BEGIN

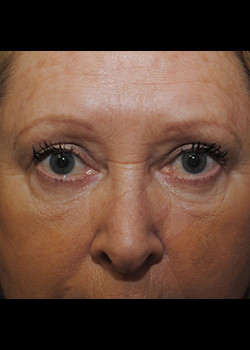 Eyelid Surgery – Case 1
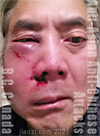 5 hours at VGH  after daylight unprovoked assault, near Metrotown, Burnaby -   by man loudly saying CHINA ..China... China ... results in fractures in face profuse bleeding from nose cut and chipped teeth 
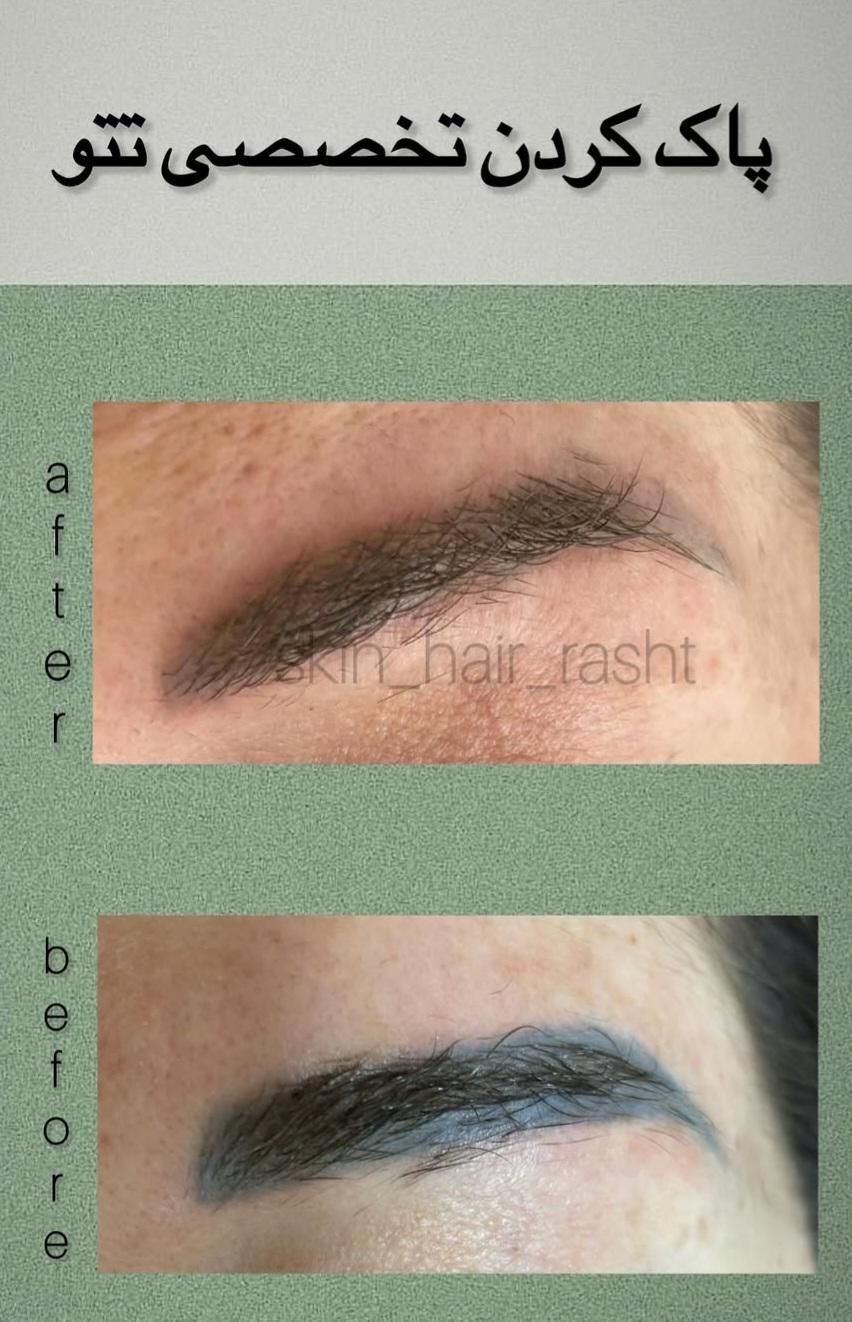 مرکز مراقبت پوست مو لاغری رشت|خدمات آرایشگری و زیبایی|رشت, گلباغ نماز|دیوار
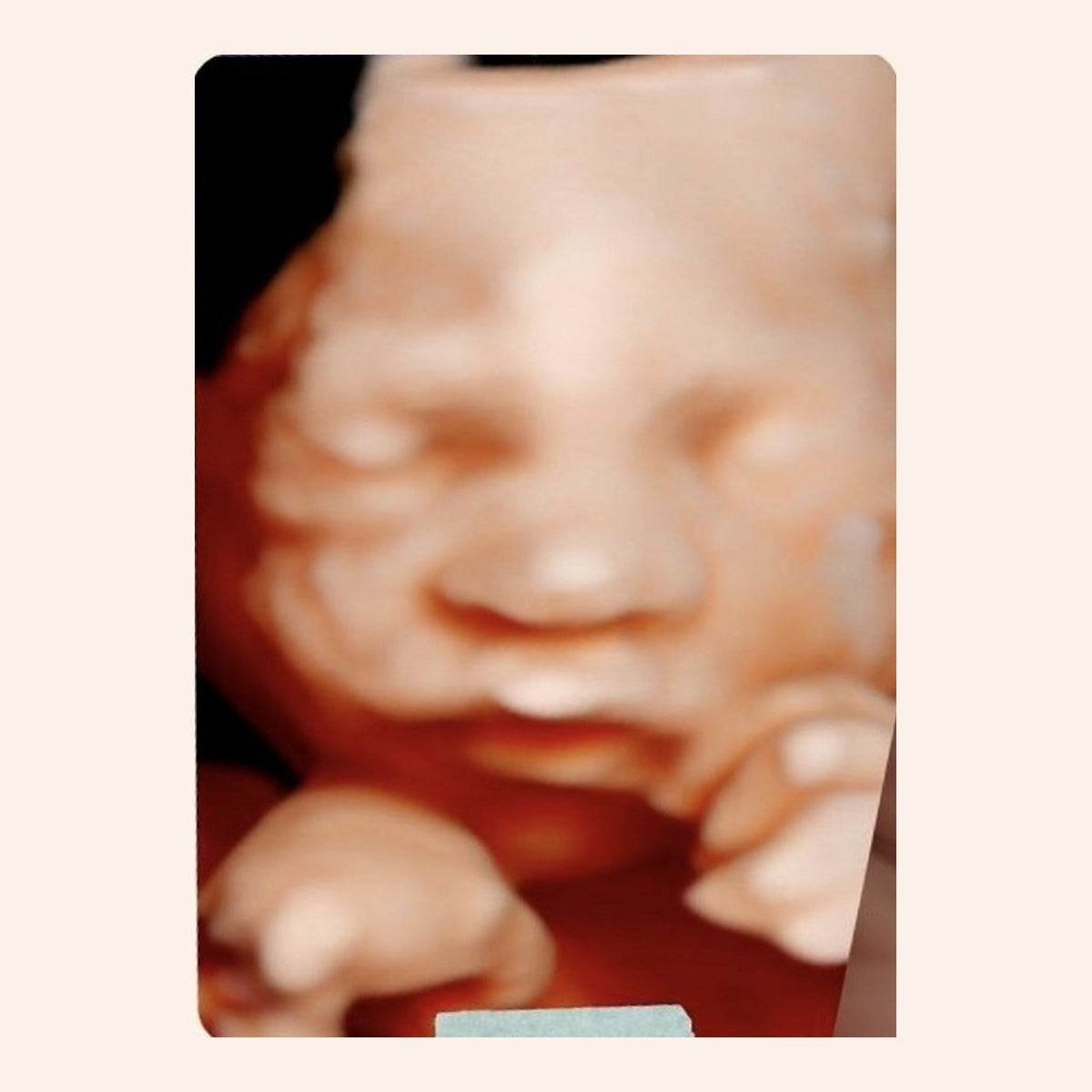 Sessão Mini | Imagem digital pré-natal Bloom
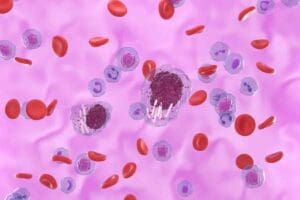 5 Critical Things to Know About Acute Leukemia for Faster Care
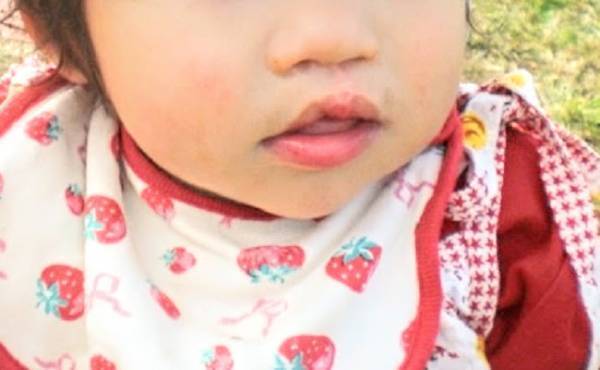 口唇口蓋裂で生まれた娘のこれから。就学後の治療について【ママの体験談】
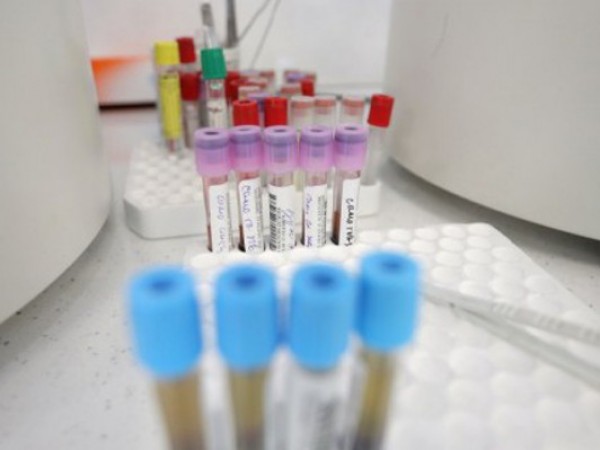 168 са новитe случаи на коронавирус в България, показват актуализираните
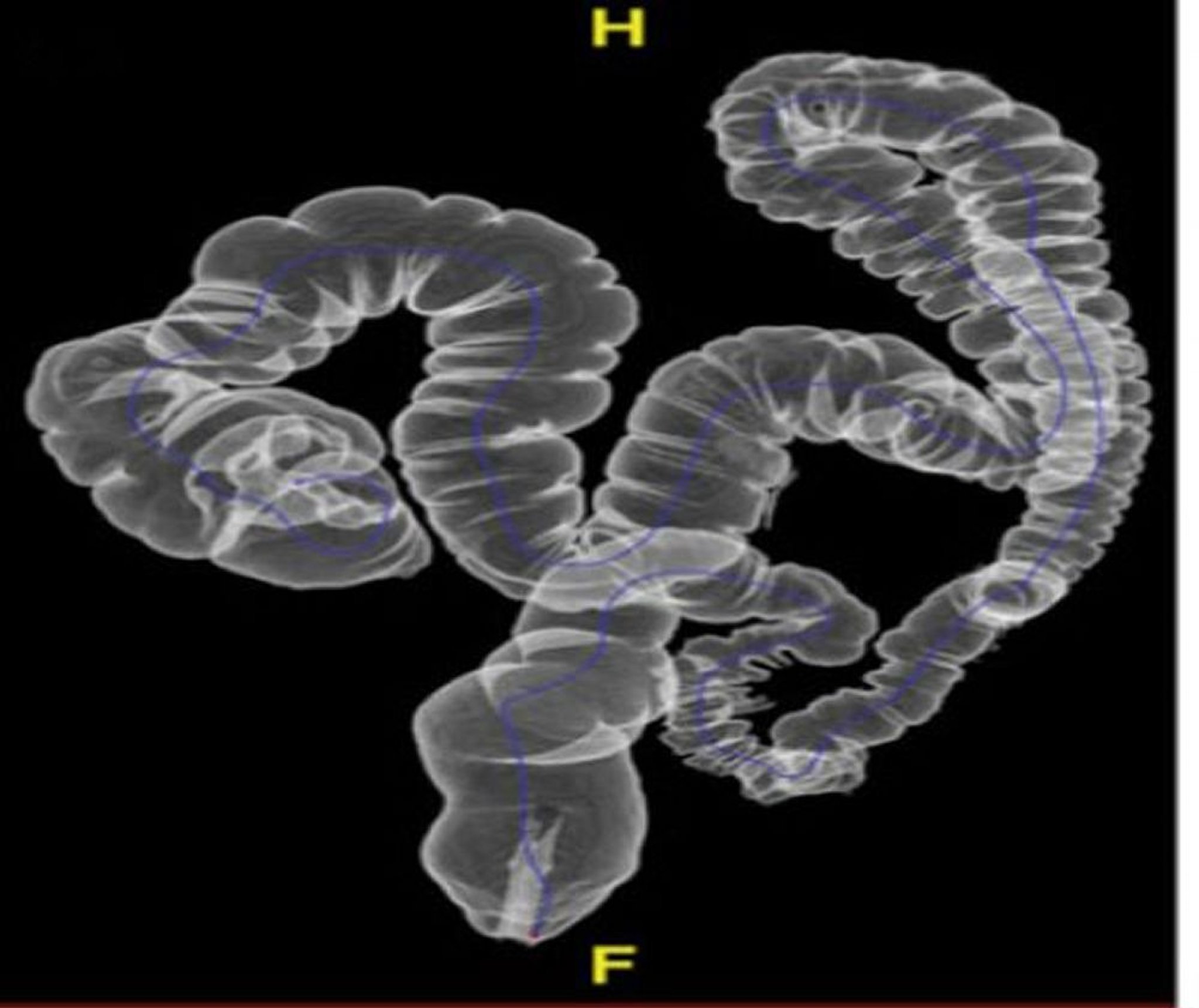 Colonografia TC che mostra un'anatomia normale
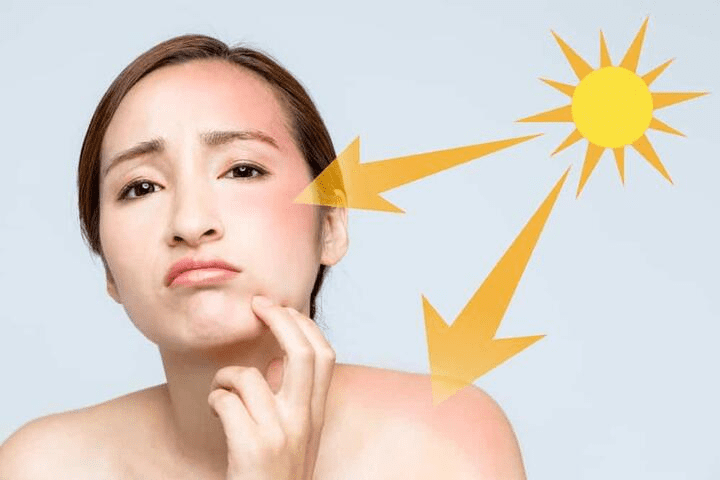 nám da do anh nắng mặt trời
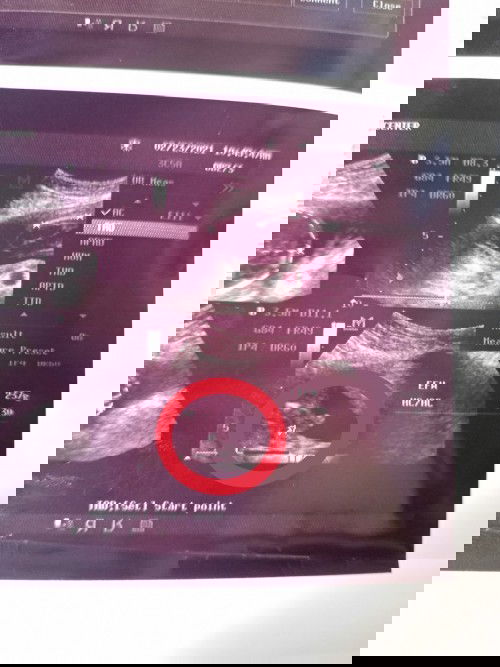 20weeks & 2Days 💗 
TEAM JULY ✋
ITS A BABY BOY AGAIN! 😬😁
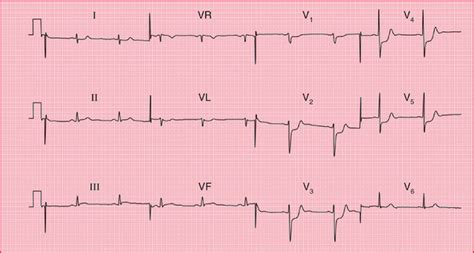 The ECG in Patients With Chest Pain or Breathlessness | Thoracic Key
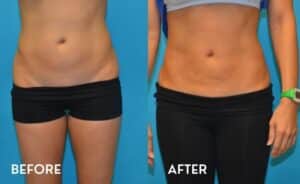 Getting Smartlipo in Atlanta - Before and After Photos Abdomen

END

_Work order:_ The copy starts at the line holding "5 Critical Things" and ends at the last line of the records above. Transcribe those lines exactly, pictures excluded.

_Response below:_
 5 Critical Things to Know About Acute Leukemia for Faster Care
 口唇口蓋裂で生まれた娘のこれから。就学後の治療について【ママの体験談】
 168 са новитe случаи на коронавирус в България, показват актуализираните
 Colonografia TC che mostra un'anatomia normale
 nám da do anh nắng mặt trời
 20weeks & 2Days 💗 
TEAM JULY ✋
ITS A BABY BOY AGAIN! 😬😁
 The ECG in Patients With Chest Pain or Breathlessness | Thoracic Key
 Getting Smartlipo in Atlanta - Before and After Photos Abdomen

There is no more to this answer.